Schober: Buben und Mädchen unterscheiden sich nach wie vor in ihren schulischen Interessen. Das liegt nicht daran, dass Mädchen oder Buben generell bestimmte Dinge nicht können. Sondern es geht sehr viel darum, dass Geschlechtsstereotype unbewusst im Alltag transportiert und übernommen werden, mitunter über die Sprache. Wir denken, wie wir sprechen. Gendern ist keine Geschmacksfrage - die öffentliche Diskussion ist aber sehr ideologisch geprägt. Wenn wir nur von Männern sprechen, wird auch vor allem an sie gedacht. Wenn wir gendergerechte Formulierungen wie das Binnen-I anwenden, werden Frauen verstärkt mitgedacht.

STANDARD: Eine häufig geäußerte Kritik ist, dass die gegenderte Fassung unleserlich und unverständlich sei.

Schober: Wenn man sich die aktuelle empirische Evidenz ansieht, spricht nichts dafür, dass gegenderte Texte als solche schlechter zu verstehen sind. Was einige Studien jedoch zeigen, ist, dass Männer nichtgegenderte Texte positiver beurteilen als Frauen.

STANDARD: Warum ist das so?

Schober: Das ist im Detail noch zu untersuchen. Männern ist das generische Maskulinum eventuell einfach näher. Sie können sich leichter damit identifizieren. Es ist naheliegend, dass sie Gendern deshalb oft unnötiger finden.

STANDARD: Sollte in Schulbüchern nicht der Inhalt im Vordergrund stehen?
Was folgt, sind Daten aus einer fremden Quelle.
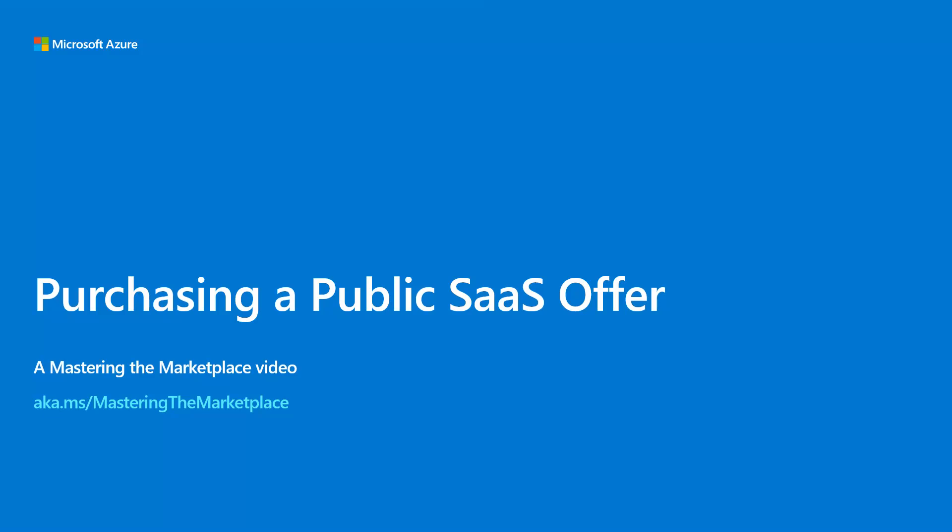Welcome to this video in the Mastering the Marketplace series. My name is David Starr and in this module you'll experience the customer's point of view when subscribing to a SaaS offer.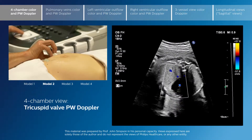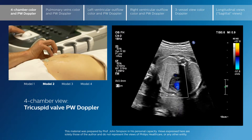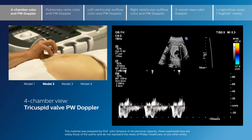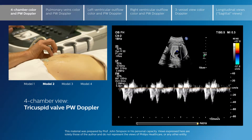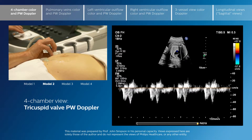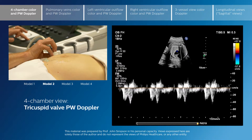Looking at the tricuspid valve inflow signal, we see similar findings to the mitral valve. There is dominance of the A wave compared to the early E wave, which is normal in the fetal circulation. We should see a biphasic pattern, meaning both the E and A waves are clearly separate across each of the AV valves. To see a single spike of inflow across either AV valve in the normal fetal heart should raise concerns that there may be an underlying structural or functional problem affecting the fetal heart.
Schober: Natürlich geht es um den Lernstoff. Aber Wissen vermitteln und Genderstereotypen entgegenzuwirken ist sicher kein Widerspruch. Wir wissen aus der Geschlechterforschung, dass wir über Erwartungshaltungen, Modelldarstellungen, das Loben und Aufgabenverteilung Stereotype transportieren. Das Schulbuch ist ein Medium, das sie vermittelt.

STANDARD: Reicht es dann überhaupt, Schulbücher zu gendern?

Schober: Nein. Es kommen noch weitere Dinge zum Tragen: etwa die bildliche Darstellung von Geschlecht. Zumindest bis vor kurzem war es noch so, dass Männer häufiger in beruflichen Kontexten zu sehen waren, Frauen eher in der Freizeit oder mit der Familie. Wir haben 300 relevante Abbildungen in Volksschulbüchern analysiert. Je nachdem, in welcher Tätigkeit man Personen darstellt, verändert das den Eindruck, der vermittelt wird. Entscheidend sind auch Gegenstände, die Personen dabei bei sich haben. Frauen werden noch immer mit Taschen und Accessoires dargestellt. Diese kleinen Dinge machen den wichtigen Unterschied. Geschlechtergerechte Abbildungen und Sprache in Schulbüchern sind deshalb wichtig, weil sie Dinge zeigen, die uns täglich umgeben, die wir aber nicht permanent reflektieren.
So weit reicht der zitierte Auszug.